午前8時半、晴れ、気温10℃の朝。一行はホテルを出発し、焦先生運転の先導車を追って、西安市西北郊外5キロに位置する「漢長安城未央宮遺跡」へと向かいました。焦先生の車には東京都の文化財研究所のお一人も一緒で、3日間一行の午前中の視察に同行されるとのことでした。通勤ラッシュと高速道路の閉鎖が重なって幹線道路はあちこちで大渋滞となり、午前10時半にやっとの思いで遺跡入口に到着しました。既に到着して一行を待ち構えていた焦先生達は、一行を急かすように未央宮遺跡の陳列館へと案内してくれました。


未央宮遺跡の陳列館


「漢長安城遺跡」は前漢の都城跡で、関連資料によりますと、漢の高祖の5年(前202)に、劉邦が秦朝の興楽官を改修して長楽宮と改称し、当地に遷都しました。

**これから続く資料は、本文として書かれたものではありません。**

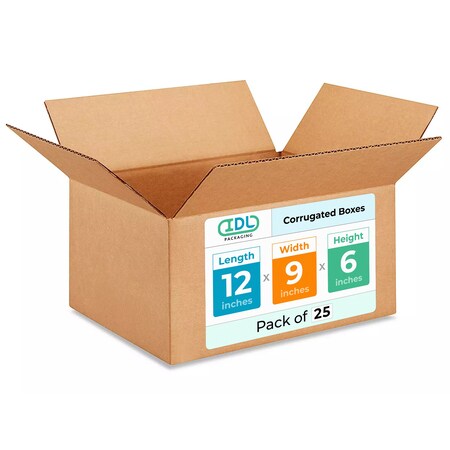 12L X 9W X 6H Corrugated Boxes For Shipping Or Moving, Heavy Duty, 25PK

次いで未央宮を造営(前200)、その10年後に初めて長安城の城壁を築きました。城壁は版築で築かれ、周囲23キロ、高さ8メートル、底部の幅16メートル。城壁の北面は渭河の流れに沿っていたため、いびつな形をしています。各面に城門が三つずつ設けられ、城門ごとに三つの通路があって、城内に大通りが三本通じていました。武帝の時代に、北宮・明光宮・建章宮が造営されるとともに、西部の上林苑を拡張して昆明池が開削されました。漢長安城の完成には90年余りが費やされ、現在は東西の城壁と未央宮・長楽宮・建章宮・承露殿等の遺構が存在しています。陳列館には立派な漢長安城の模型が展示されていました。


未央宮遺跡
未央宮遺跡
未央宮遺跡


カートを利用し、遺跡の管理責任者の案内で広大な「漢長城未央宮遺跡」の見学を終えた一行は、ここで焦先生と別れ、遅くなった昼食のため、王志友先生達5人のスタッフとともに渭河橋遺跡への途中のレストラン「桂酒店」に立ち寄りました。一階の大食堂は大勢の家族ずれの客で賑わっている中、2階の個室に案内された一行は、ビールで乾杯した後、漢長城遺跡について王先生に様々な質問をし、特に幾つもの農村の立ち退き問題やその後の農民達の生活等についての興味深い話に聞き入っていました。


桂酒店


午後2時過ぎ、昼食を終えた一行は「秦漢渭河橋遺跡」へと向かいました。大型車両が行き交う街道沿いの養殖場跡という土砂を山積みした採石場のような場所に到着。そこから少し歩いて前方の小高い丘のような所から4、5メートル程見下ろした谷底に、数人の調査員が発掘作業をしている橋げたの遺跡現場が見えました。王先生の説明で発見の経緯や現在までの発掘状況等についてパネルで詳しく説明を受けた後、一行は早速、足場の悪い急坂を下り、掘り起された橋げた群の間の川底だった場所で、コテと刷毛を使って古銭を発掘する調査員の様子を間近で見学しました。発掘された古銭は一つ一つ丁寧に、その場でGPSを使って正確な位置と発見状況等を記録・撮影していました。


発掘作業
発掘作業


一行にも専用のコテと刷毛が渡され、調査員が見守る中、いよいよ発掘の実習が始まりました。初めての本格的な発掘作業に多少戸惑いながらも、砂地や瓦片を掘り起こし、懸命に古銭を探し出しました。しばらくして最初の古銭が見つかり、調査員の記録・撮影の際、発見者の名前も記録して欲しいというリクエストに周りは笑いに包まれました。その後、次々と清代の古銭が見つかり、中には漢代のものもあって全部で10枚の古銭を発掘することができました。何故、古銭が川底に埋もれているのかは定かではありませんが、恐らく新築や改築時に縁起を担ぐため、橋の上から掘り投げたのではないかと、各自勝手に推測していました。


発掘作業


研究院の資料によりますと、2012年4月に新発見された時の2組4座の古橋は、これまでに発見された最大規模の秦漢代の古橋で、その規模は巨大で渭河を跨いでおり、秦漢代の考古学、交通史、中国古代橋梁史の研究にとって重要な価値を有し、漢長安城周辺地区の道路網、河川網の系統を探求するための収穫だけではなく、漢長安城遺跡の保護、秦漢の都城交通史の研究に対しても重要な価値があるとされ、2014年4月に中国の「2013全国十大考古新発見」に選出されました。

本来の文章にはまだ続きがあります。